WHAT TO WORK ON —
Give the total number of lines in the data below that include "designed", and nothing else.
BEGIN DATA FOR THE TASK
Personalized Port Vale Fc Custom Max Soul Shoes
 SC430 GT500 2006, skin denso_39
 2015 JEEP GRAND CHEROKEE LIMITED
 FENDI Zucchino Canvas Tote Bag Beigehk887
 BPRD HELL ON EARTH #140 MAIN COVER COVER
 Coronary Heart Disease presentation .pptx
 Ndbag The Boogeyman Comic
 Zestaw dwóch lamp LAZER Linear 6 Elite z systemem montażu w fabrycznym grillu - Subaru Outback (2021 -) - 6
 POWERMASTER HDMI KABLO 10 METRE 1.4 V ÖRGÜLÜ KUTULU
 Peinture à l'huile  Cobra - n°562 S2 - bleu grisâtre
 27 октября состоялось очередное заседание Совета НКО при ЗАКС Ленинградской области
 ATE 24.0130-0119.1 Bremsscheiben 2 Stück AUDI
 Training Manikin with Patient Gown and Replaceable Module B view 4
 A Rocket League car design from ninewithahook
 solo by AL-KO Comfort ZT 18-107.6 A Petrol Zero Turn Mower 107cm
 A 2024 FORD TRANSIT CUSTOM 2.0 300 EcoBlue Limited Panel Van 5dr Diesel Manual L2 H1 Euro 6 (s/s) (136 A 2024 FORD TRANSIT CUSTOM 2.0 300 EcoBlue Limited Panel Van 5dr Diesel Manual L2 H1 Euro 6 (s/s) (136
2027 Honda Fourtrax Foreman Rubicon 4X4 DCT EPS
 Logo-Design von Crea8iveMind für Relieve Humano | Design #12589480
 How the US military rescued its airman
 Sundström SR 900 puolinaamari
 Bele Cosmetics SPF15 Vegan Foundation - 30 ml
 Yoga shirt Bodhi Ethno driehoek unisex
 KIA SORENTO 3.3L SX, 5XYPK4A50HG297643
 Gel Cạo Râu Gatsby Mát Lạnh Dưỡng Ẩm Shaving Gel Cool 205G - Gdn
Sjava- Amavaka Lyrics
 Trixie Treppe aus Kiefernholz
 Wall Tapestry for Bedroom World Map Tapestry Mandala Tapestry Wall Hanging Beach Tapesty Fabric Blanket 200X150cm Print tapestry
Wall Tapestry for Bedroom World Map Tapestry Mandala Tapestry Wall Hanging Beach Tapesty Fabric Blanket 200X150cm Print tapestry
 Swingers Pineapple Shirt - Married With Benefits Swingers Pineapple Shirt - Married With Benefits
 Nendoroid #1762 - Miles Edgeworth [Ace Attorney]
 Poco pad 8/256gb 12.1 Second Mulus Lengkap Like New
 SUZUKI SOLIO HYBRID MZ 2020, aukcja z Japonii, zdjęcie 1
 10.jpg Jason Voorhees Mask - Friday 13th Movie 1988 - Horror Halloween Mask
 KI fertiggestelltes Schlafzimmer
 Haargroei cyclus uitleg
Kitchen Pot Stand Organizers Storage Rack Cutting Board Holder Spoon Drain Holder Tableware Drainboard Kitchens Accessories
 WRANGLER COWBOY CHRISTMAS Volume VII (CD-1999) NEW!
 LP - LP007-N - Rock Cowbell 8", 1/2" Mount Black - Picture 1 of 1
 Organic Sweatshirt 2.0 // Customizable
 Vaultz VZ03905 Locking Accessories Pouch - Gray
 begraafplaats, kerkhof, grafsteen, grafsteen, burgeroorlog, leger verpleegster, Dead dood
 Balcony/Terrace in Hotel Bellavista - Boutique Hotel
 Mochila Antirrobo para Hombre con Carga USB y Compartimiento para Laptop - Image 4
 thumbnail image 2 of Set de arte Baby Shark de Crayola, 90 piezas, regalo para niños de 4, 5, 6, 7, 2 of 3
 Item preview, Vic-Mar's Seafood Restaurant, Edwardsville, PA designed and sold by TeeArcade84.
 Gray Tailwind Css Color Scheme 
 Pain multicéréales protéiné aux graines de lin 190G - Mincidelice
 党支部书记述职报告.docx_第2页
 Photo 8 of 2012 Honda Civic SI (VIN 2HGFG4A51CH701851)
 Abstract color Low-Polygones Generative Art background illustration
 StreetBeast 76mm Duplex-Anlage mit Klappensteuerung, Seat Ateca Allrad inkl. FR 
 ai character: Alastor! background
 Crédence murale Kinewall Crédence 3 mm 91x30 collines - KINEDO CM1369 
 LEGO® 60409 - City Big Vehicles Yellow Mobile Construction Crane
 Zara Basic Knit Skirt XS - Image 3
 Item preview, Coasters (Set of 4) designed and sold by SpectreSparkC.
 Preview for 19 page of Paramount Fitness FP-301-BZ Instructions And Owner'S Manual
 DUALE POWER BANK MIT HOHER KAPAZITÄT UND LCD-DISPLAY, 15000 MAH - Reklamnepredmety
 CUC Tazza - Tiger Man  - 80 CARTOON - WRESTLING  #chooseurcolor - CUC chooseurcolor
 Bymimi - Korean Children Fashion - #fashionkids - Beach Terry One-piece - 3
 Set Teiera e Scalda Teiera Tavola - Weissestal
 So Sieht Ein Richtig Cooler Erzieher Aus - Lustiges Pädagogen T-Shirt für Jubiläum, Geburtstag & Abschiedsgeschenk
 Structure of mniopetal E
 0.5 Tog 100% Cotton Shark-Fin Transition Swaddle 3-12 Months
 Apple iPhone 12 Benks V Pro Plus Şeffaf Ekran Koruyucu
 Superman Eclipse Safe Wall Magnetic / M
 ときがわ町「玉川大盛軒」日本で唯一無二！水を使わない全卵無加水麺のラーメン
END DATA FOR THE TASK
FINAL ANSWER —
2